Sur son corps difforme se dressent deux têtes à hurler.
Bien qu’en surcharge pondérale chronique, il est toujours affamé.
Il se remplit de n’importe quoi pour combler son estomac à double paroi.
Son corps vermoulu est le tronc d’une forêt de crimes.
Ses quatre pieds se marchent dessus.
Ses quatre mains se palpent le cul.
Ses quatre yeux s’auto-surveillent.
Ses deux têtes se tordent le cou.
Inquiet, il tient à s’assurer de la présence constante de son corps fusionnel.
Ses deux lèvres soudées se mordent jusqu’au sang pour se convaincre de leur amour mutuel.
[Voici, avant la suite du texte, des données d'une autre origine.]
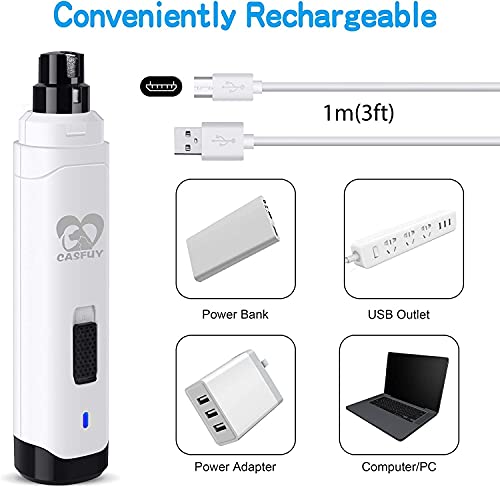 New Casfuy Dog Nail Grinder Upgraded | White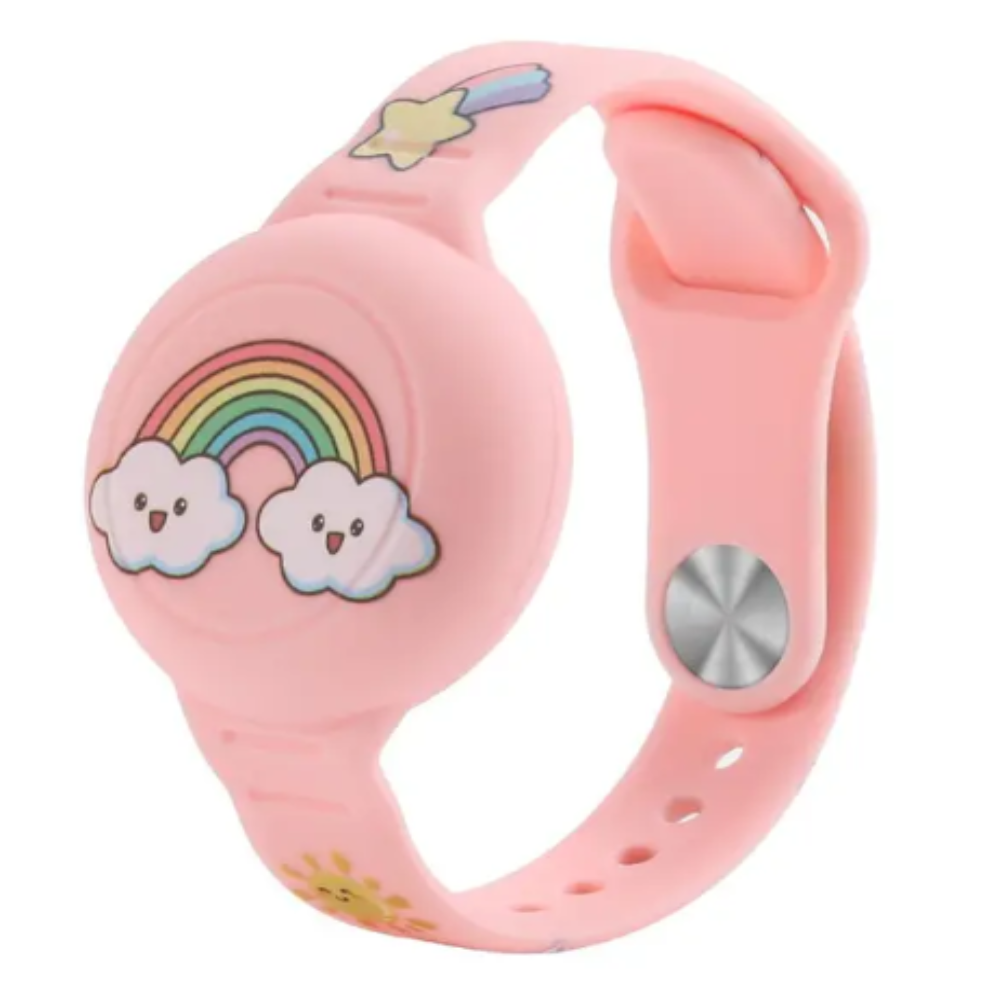 Airtag Armband for Children - DinoTrack-Pink-Nora Luxe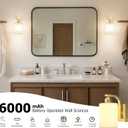 iThird 1 Pack Battery Operated Wall Sconce Light: Gold 6000mAh Rechargeable Wall Lights with Touch and Remote Control, 4 CCT Dimmable Wireless Wall Lamps for Bedroom Living Room Hallway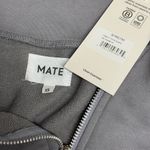 Mate the Label  Organic Fleece Quarter-Zip Sweatshirt Size XS Photo 4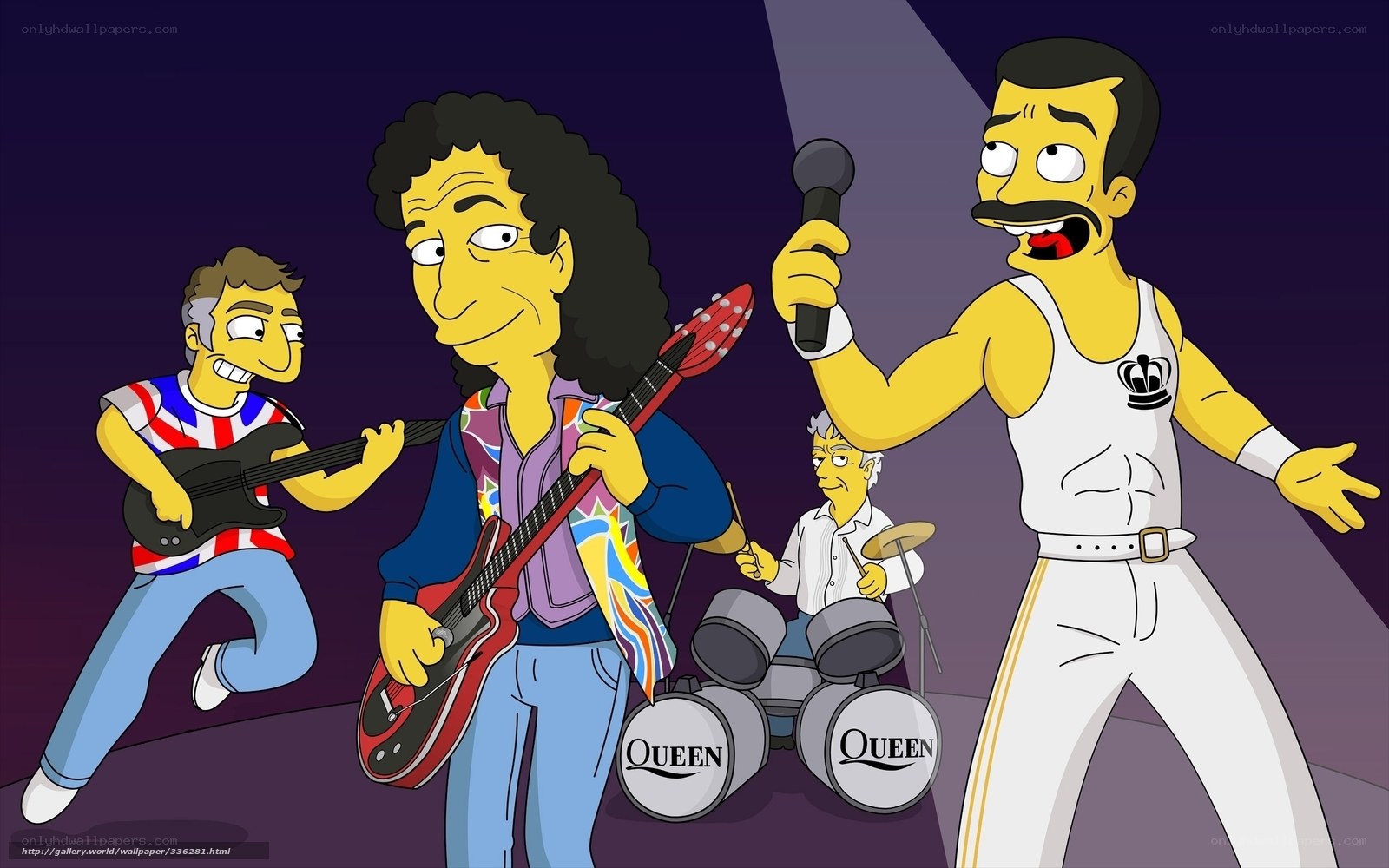 The Simpsons as Queen band
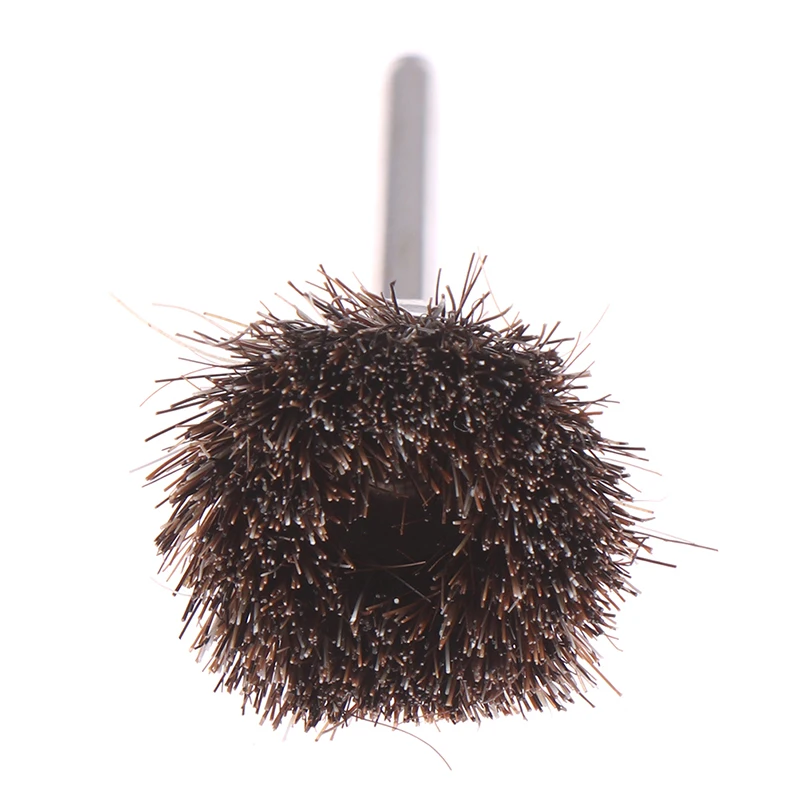 

hot! 5Pcs 3mm Shank Flat Horsetail Bristle Brush Buffing Carving Wax Polishing Tool Brush Wheel Best Price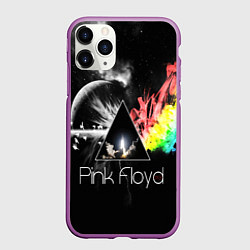 Чехол iPhone 11 Pro матовый PINK FLOYD, цвет: 3D-фиолетовый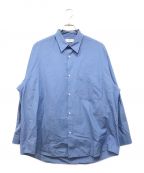 Graphpaperグラフペーパー）の古着「Broad Oversized L/S Regular Collar Shirt」｜ブルー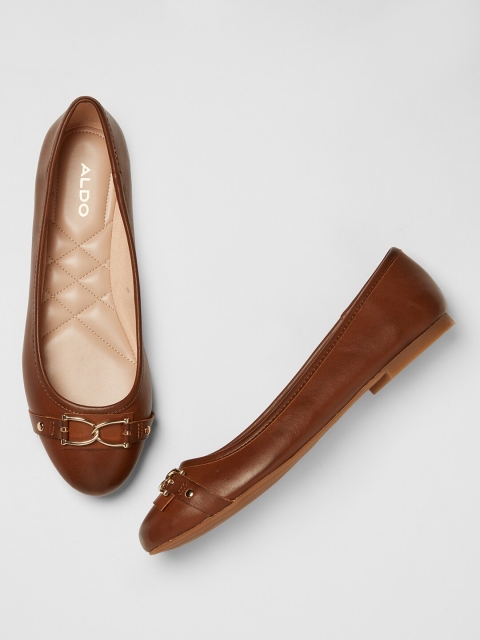 

ALDO Women Brown Embellished Ballerinas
Ses deux sexes rudimentaires sont toujours emboîtés,
Leurs muqueuses sont collées par du sperme séché.
Son ventre toujours fécond expulse des tas de bêtes immondes qui le videront de sa sève empoisonnée.
Les deux moitiés complémentaires se contemplent dans les miroirs de la télé,
Elles se trouvent belles.
Enchaînées par un amour exclusif et dévorant, elles se nourrissent l’une l’autre,
Aucune aventure n’est tolérée, plutôt crever.
Sa double personnalité lui permet une vie sadomasochiste très raffinée.
Ses corps s’ajoutent, mais ses cerveaux n’en forment plus qu’un, divisé par deux.
Parfois, du monstre tendrement enlacé surgit un avorton criard pendu à un cordon qui cherche à toucher le sol pour s’échapper avant de mourir étouffé ou incorporé.
Les clones qui sortent de lui vont s’amalgamer avec l’amour de leur vie pour créer un nouveau foyer d’infection.
Pâles copies conformes qu’on nomme reproductions.
Toujours en conflit avec lui-même, il marche de biais, comme les crabes, jusqu’à la tombe qu’il creuse avec ses mandibules plombées par le temps.
Il n’en restera rien, juste un moule où d’autres viendront s’étendre.